# Feeding kibble AND raw?



## Milliekins (Mar 31, 2012)

I'm just wondering if it's a good/bad idea to feed kibble for 'breakfast' and then raw for 'tea'? Whether it would be unbalanced? And whether I'd still need to feed a great variety of raw?

With Millie's digestion issues a friend recommended feeding raw chicken wings for one of her meals each day to see how Millie does on that. It's definitely seems to have improved things for the last few days, from better digestion to having more energy.

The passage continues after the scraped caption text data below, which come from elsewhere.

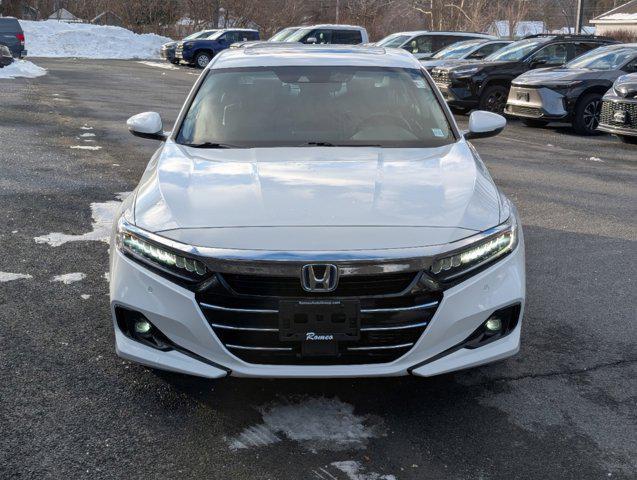 used 2021 Honda Accord Hybrid car, priced at $20,349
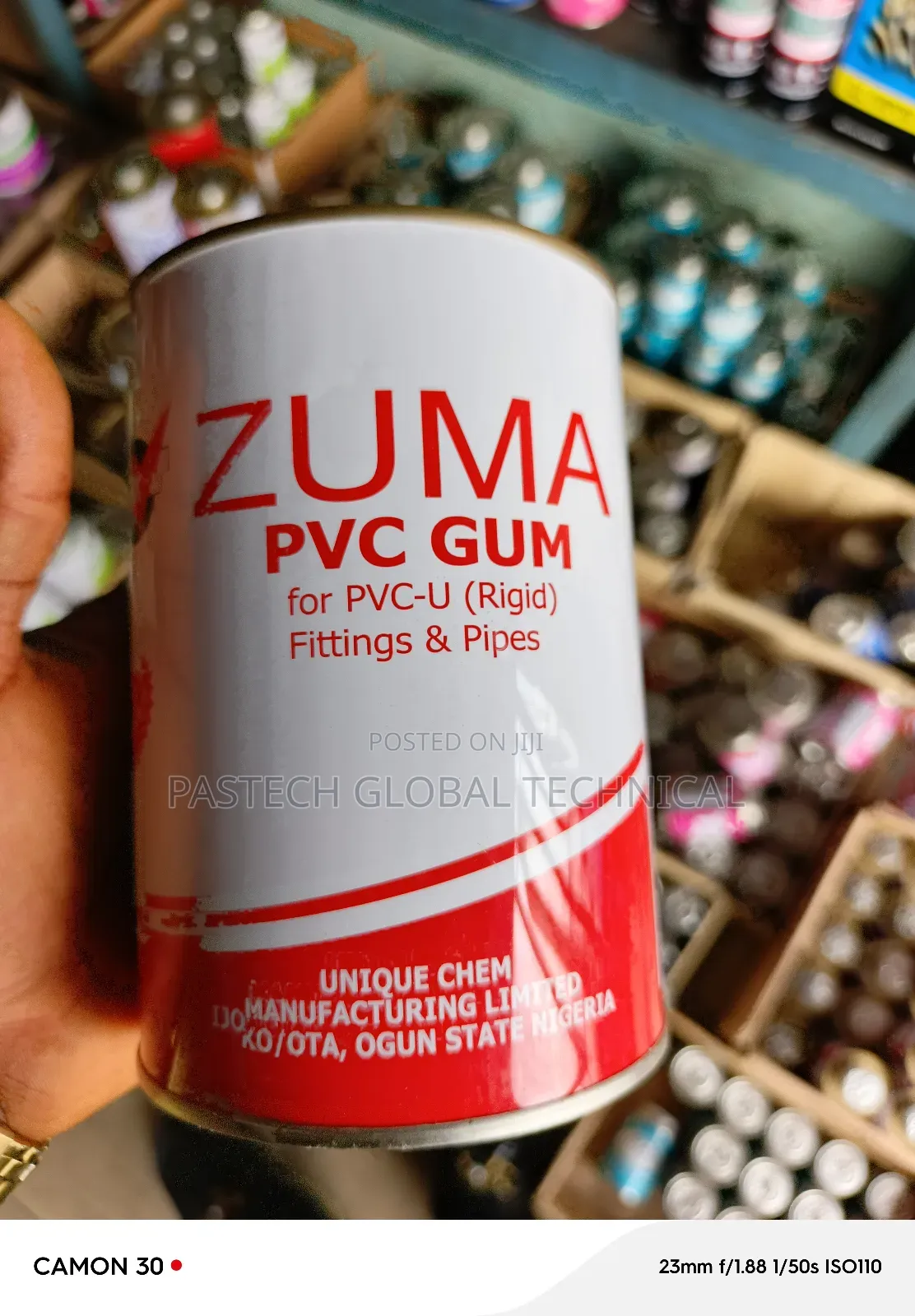 Zuma PVC Gum 1KG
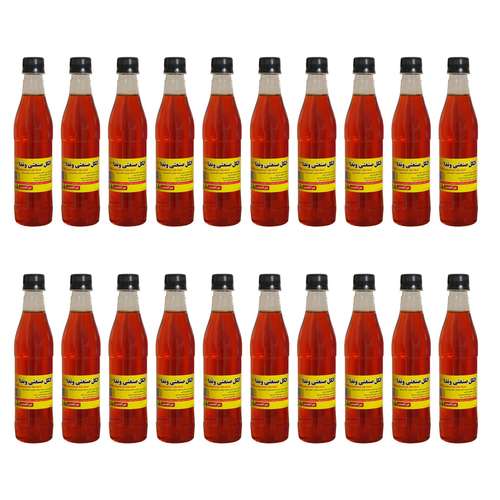 الکل صنعتی وندا مدل S20 حجم 450 میلی لیتر بسته 20 عددی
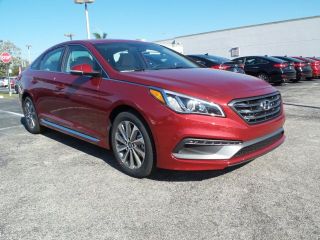 Used 2016 Hyundai Sonata Sport in Miami, Florida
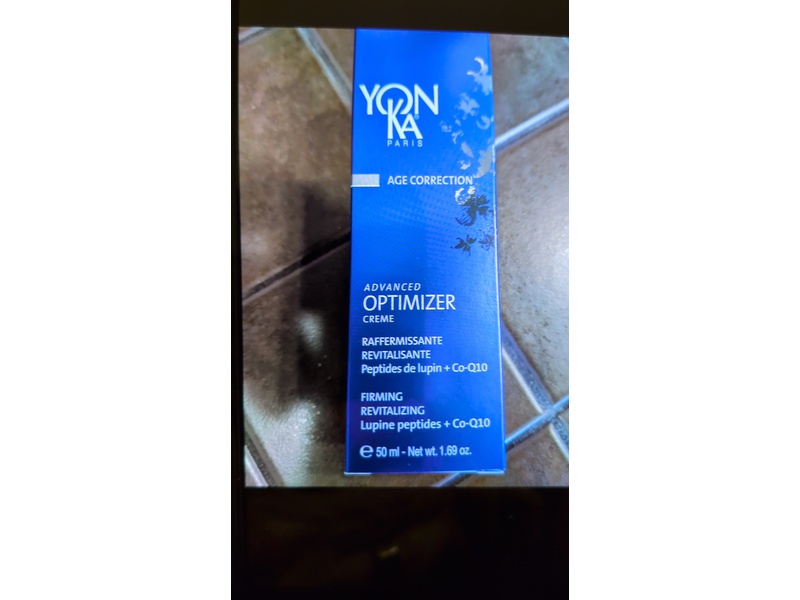 Yonka Advanced Optimizer Creme, 1.69 oz/50 mL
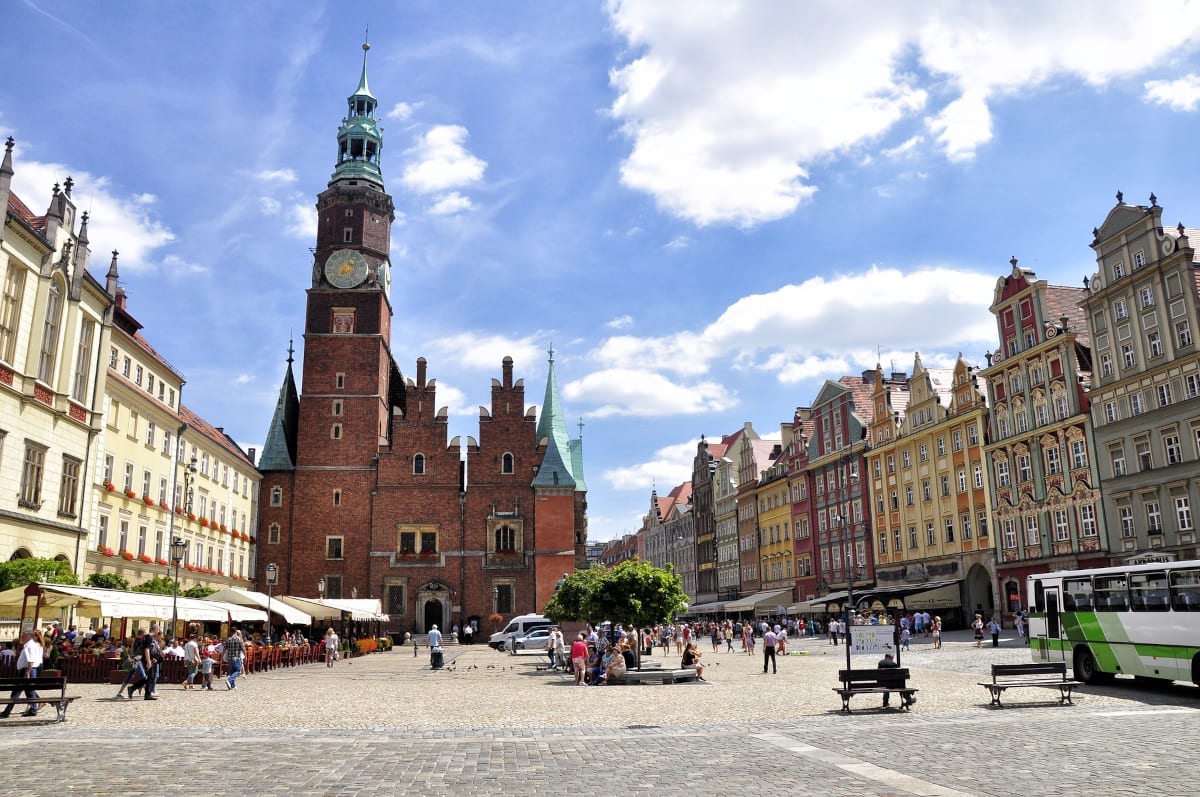 Wroclaw day tour in small group from Warsaw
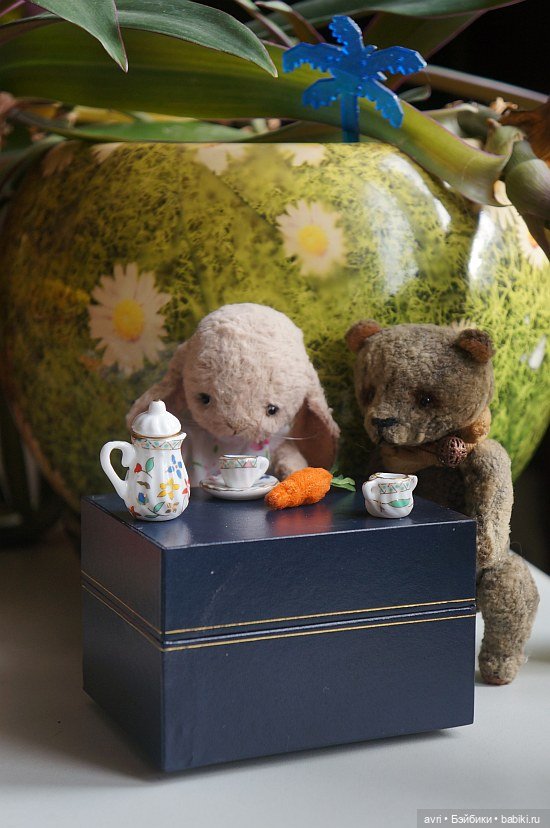 История маленькой Стеши. Часть 4. Стеша и медведь. / Авторская игрушка (фото 10)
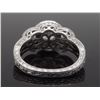 Image 5 : 18KT White Gold 2.45ctw Diamond Ring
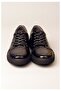 Select 4496 Genuine Leather Sneakers Men's Shoes Black Patent Leather - 3
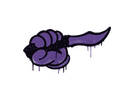 Sealed Graffiti | Backstab (Monster Purple)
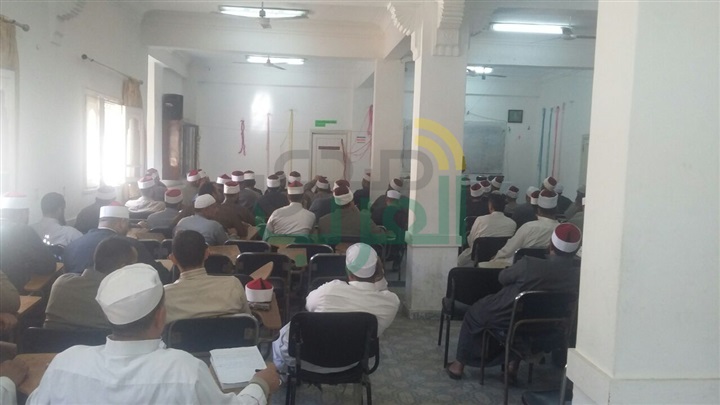 "  أئمة الأوقاف بالإسكندرية يختتمون الدورة التدربية " التأهيل طريق النجاح "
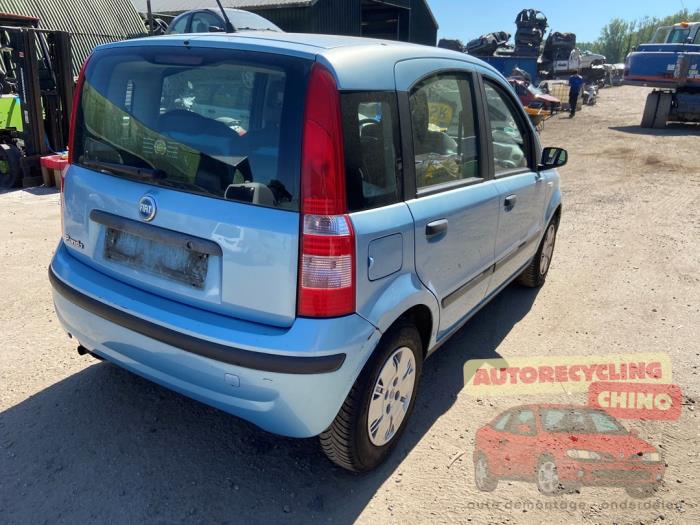 Fiat Panda 1.2 Fire Sloopvoertuig (2004, Blauw)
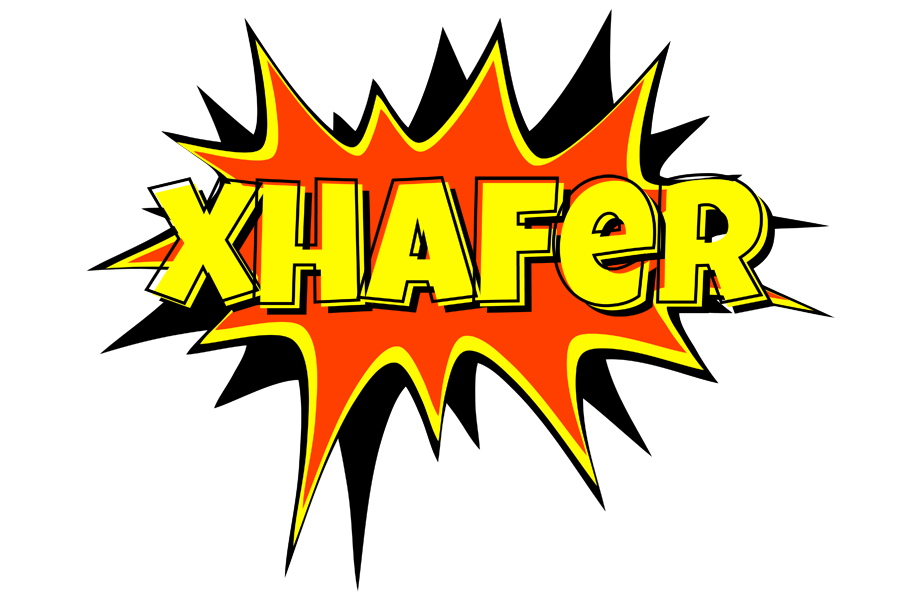 Xhafer bazinga logo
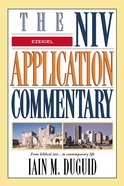 Ezekiel (Niv Application Commentary Series) eBook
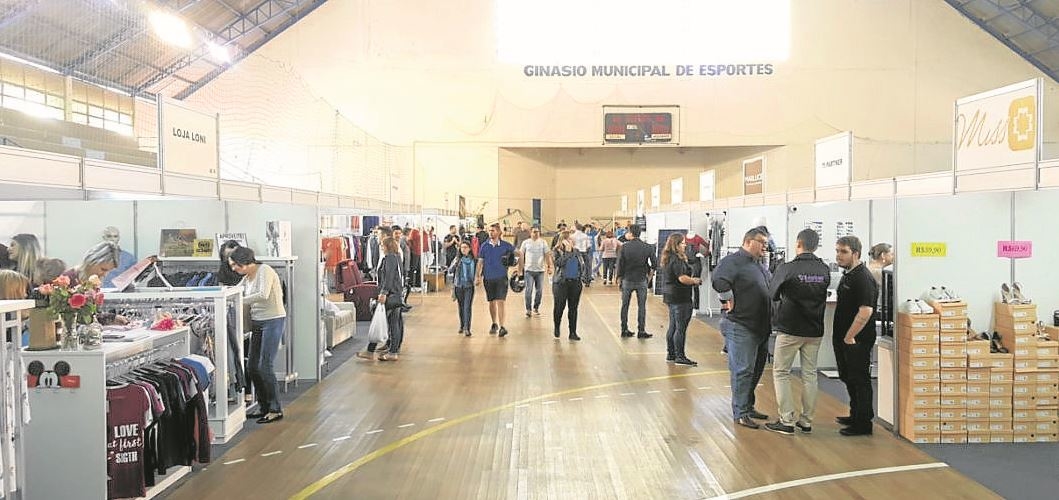 Chance para comprar produtos com descontos especiais na Expo Sapiranga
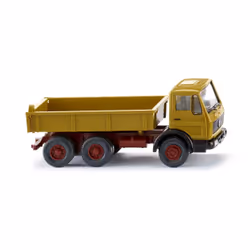 Wiking 042406, Modèle de chargeur, Pré-assemblé, 1:87, Flachpritschenkipper (MB NG), unisexe, 1 pièce(s)
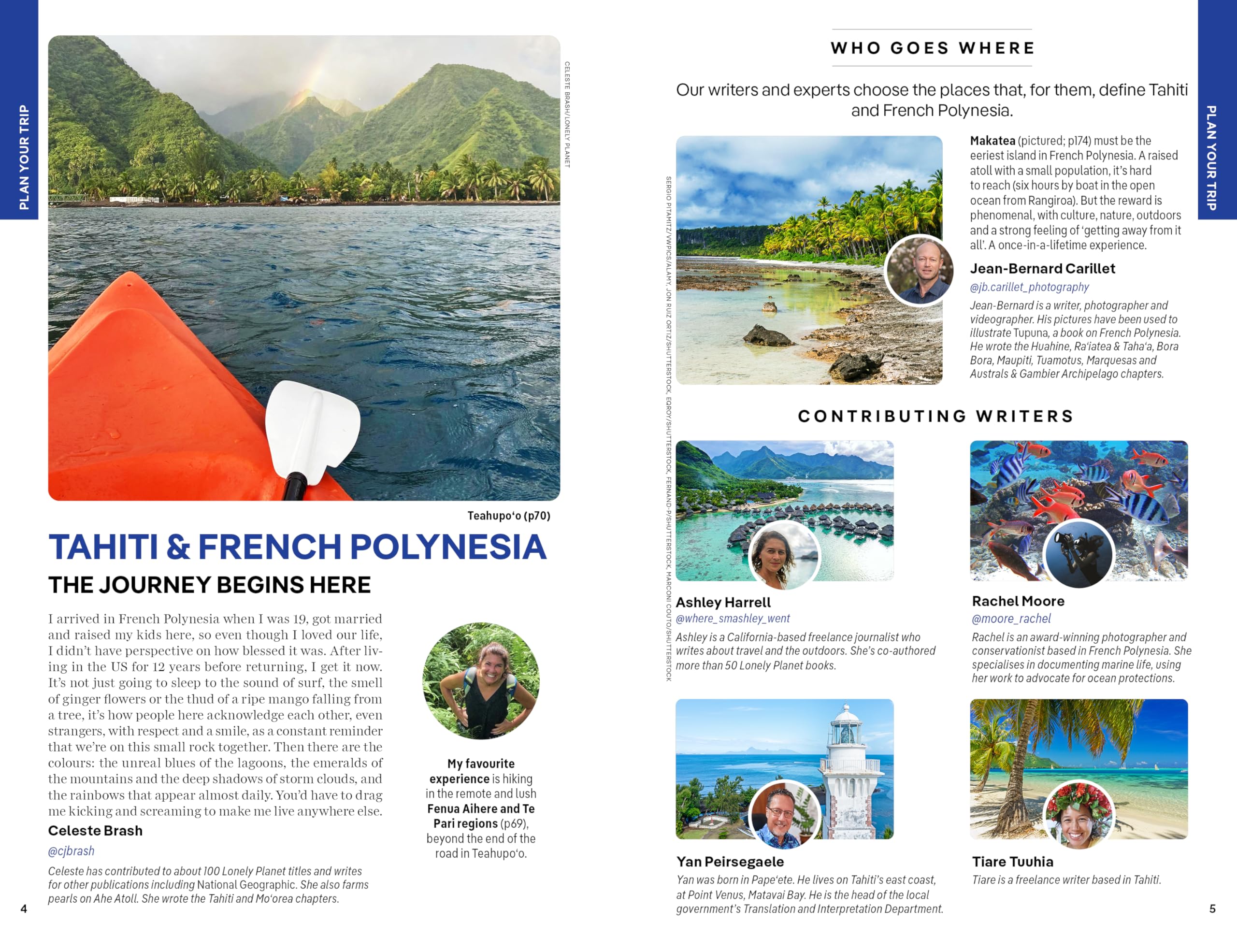 Lonely Planet Tahiti & French Polynesia: Plan the Trip of a Lifetime | Detailed Itineraries & Maps | Insider Tips | Covers Tahiti, Mo'orea, Huahine and more
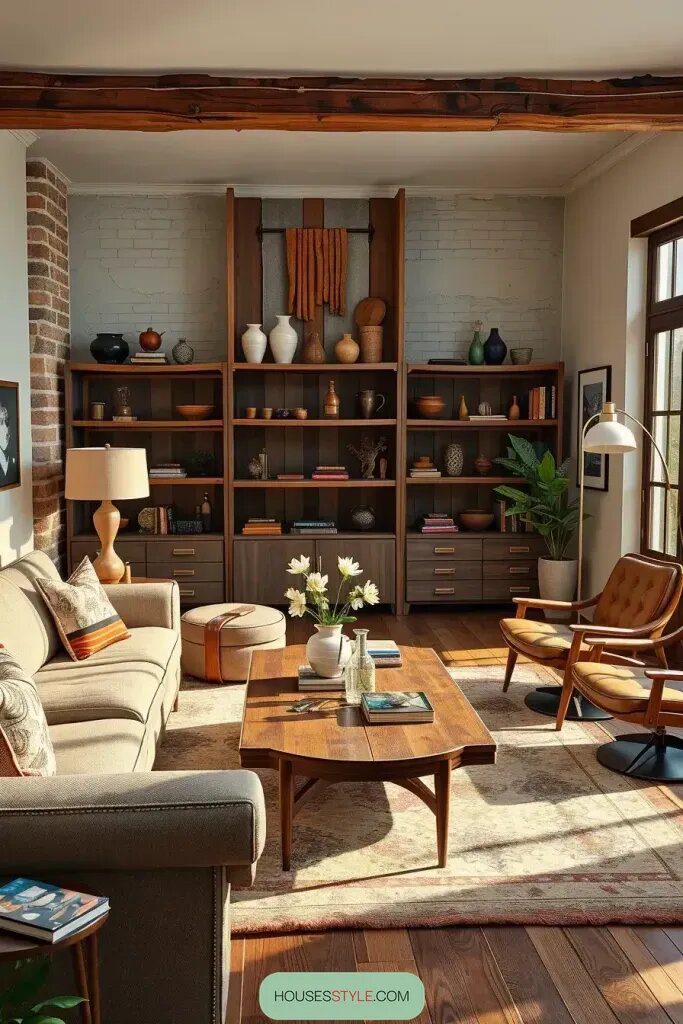 Mixing Fresh Furniture into a Vintage Collection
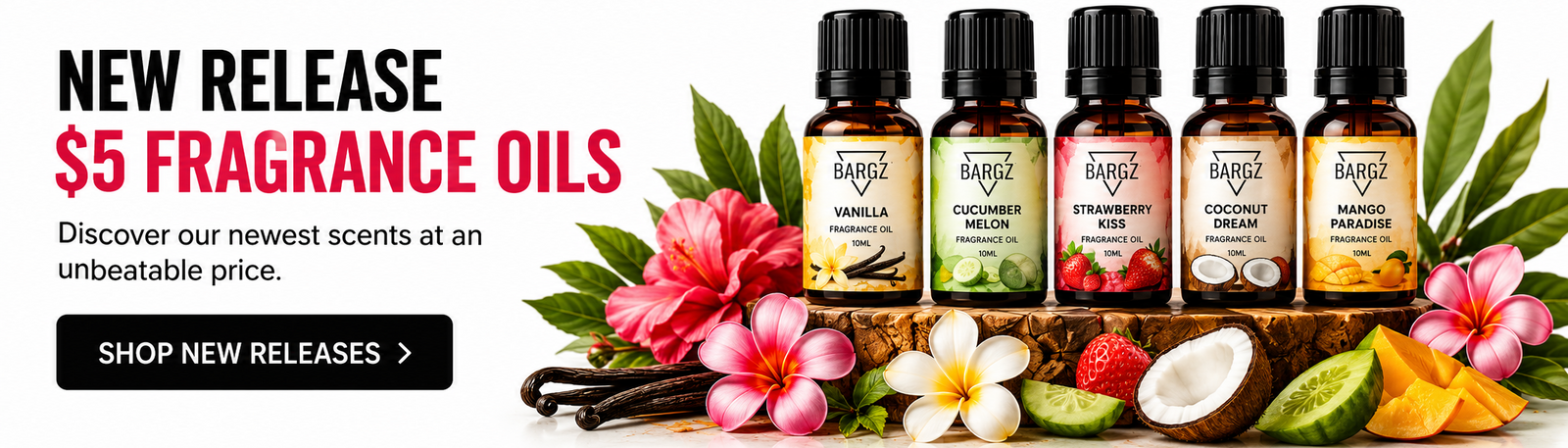 New Release $5 Fragrance Oils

And she loves them!

But.. if we carry on with one meal kibble and one raw, would I have to include as much variety as if I was feeding completely raw?

I'm guessing that kibbles are highly supplemented and that's why they are considered a 'complete dog food' even though they may only have one or two meat/fish ingredients? Compared to feeding raw where it seems you need to include lots of different meats and organs etc.

I know it might seem a bit crazy thinking of feeding half and half, but I'm stuck for storage space for raw, and may not have enough space to feed half raw depending on how much variety it would need. I also find it easier to feed raw at teatime when I've got a bit more time usually to do all the cleaning up. Kibble is far less messy which is ideal for busy mornings.

Would love to hear your thoughts about the pros/cons of feeding like this! :smile:


----------



## fjm (Jun 4, 2010)

The advice I have read is that you need to start thinking about balancing the diet if you feed more than 25% or so non-kibble. But chicken wings are reasonably balanced in terms of meat/bone, so you don't need to worry too much about calcium. I think I would make up a batch of liver cake (make it into biscotti if you are short of freezer space - it then keeps for ages in a tin) for healthy treats and a regular dose of liver, and replace the occasional kibble meal with something easy like canned sardines or scrambled eggs. One big bag of tripe chunks doesn't take up too much room in the freezer, and would help keep the balance.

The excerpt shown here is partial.